Breizh-info.com : Peut-on, dans tous les cas, résumer un homme, à une infime partie de son passé et de son engagement (en l’occurrence son appartenance au NSDAP) et surtout un homme qui a pesé par ses écrits avant et après cette période comme Schmitt ?

Aristide Leucate : Assurément pas. Mais il faut bien reconnaître que ce que vous appelez « cette infime partie » de ce passé, que je qualifie, pour ma part, d’intermède opportuniste, pèse sacrément lourd dans la postérité du juriste. La « reductio ad hitlerum » est d’autant plus automatique et décomplexée que le nazisme a été érigé en étalon du Mal absolu. Aussi, ne faut-il guère s’étonner que ceux qui ont dîné avec le diable, même avec une longue cuillère, soient uniment frappés d’infamie. D’ailleurs, vous remarquerez que nous avons quitté le discours rationnel pour entre dans le champ lexical de la démonologie… La difficulté pour les contempteurs de Carl Schmitt – comme pour ceux de Heidegger – est de faire l’impasse sur une œuvre et des approches conceptuelles qui ont résolument marqué le droit la politique ou la philosophie. S’enfermer dans une attitude hostile par principe – totalement ascientifique – relève de l’évidente mauvaise foi militante. Je traite d’ailleurs dans mon essai d’un cas symptomatique d’aliénation épistémologique qui semble davantage avoir cours à l’Université.

Breizh-info.com : Que reste-t-il aujourd’hui, dans la vie de la cité, des travaux de Carl Schmitt ? Qui influence-t-il encore et sur quelles grandes thématiques ?

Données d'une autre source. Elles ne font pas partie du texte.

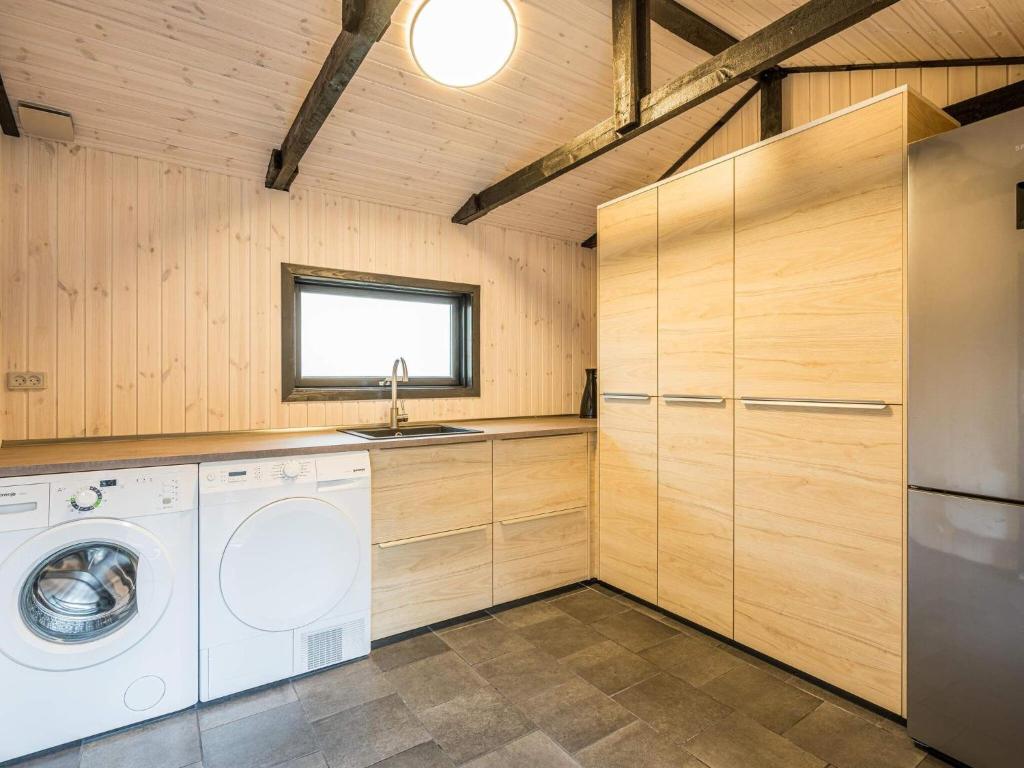 Kuchyň nebo kuchyňský kout v ubytování Holiday home Nørre Nebel LXXIV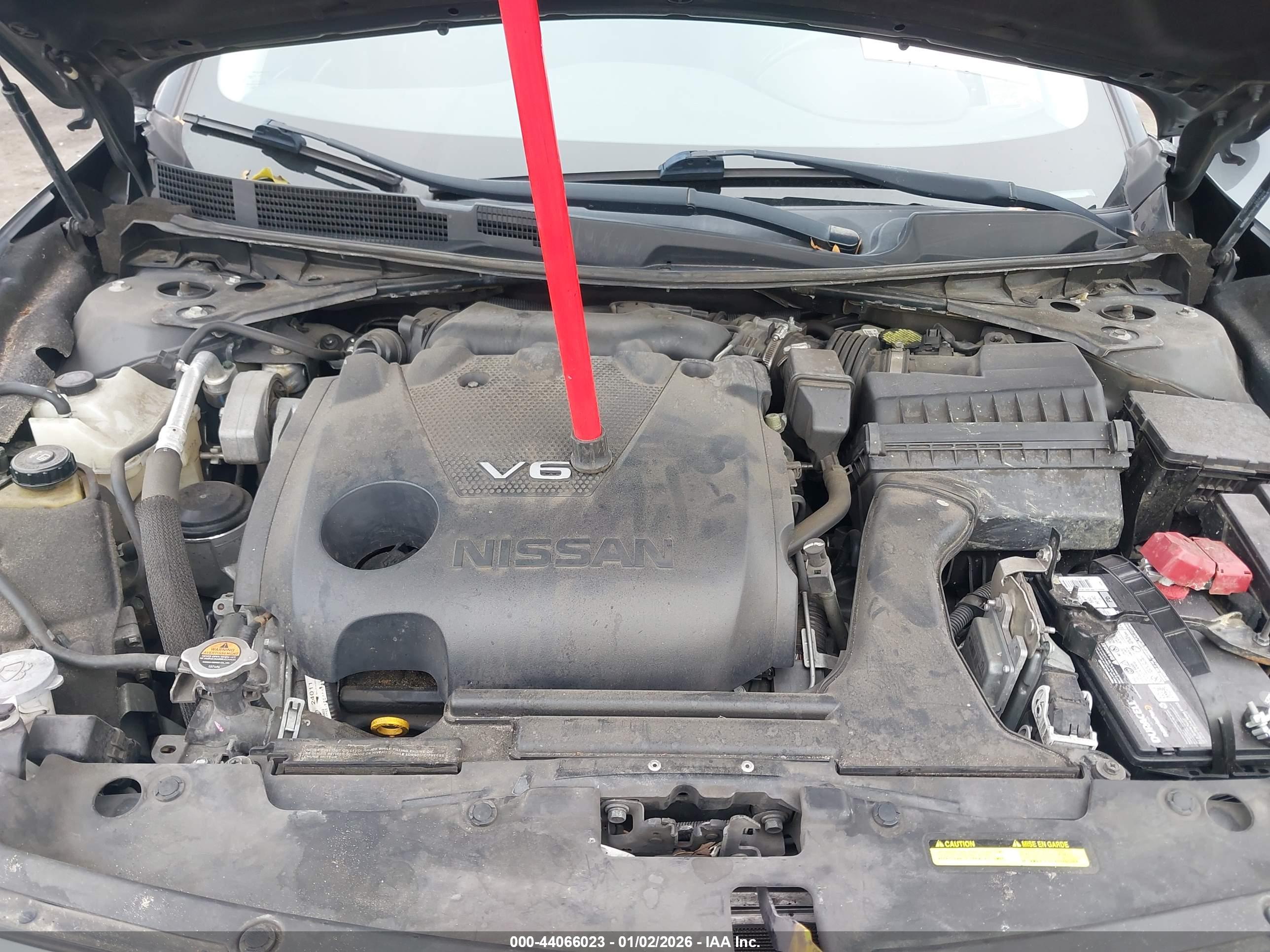 NISSAN MAXIMA image 10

Aristide Leucate : Une multitude de choses, en vérité : sa critique du libéralisme politique, sa vision des relations internationales et de son droit subséquent, sa conception post-clausewitzienne de la guerre de partisans qui éclaire d’un jour original les conflits de l’Occident avec le monde musulman, sa définition polémogène du politique qui explique l’état de tension extrême de nos sociétés contemporaines fracturées, sa « théologie » politique, son approche de la justice… Rien qui ne soit plus en phase avec une brûlante actualité. Schmitt, à l’instar de Marx, Machiavel, Hobbes ou Rousseau figure désormais parmi les « classiques » de la pensée politique.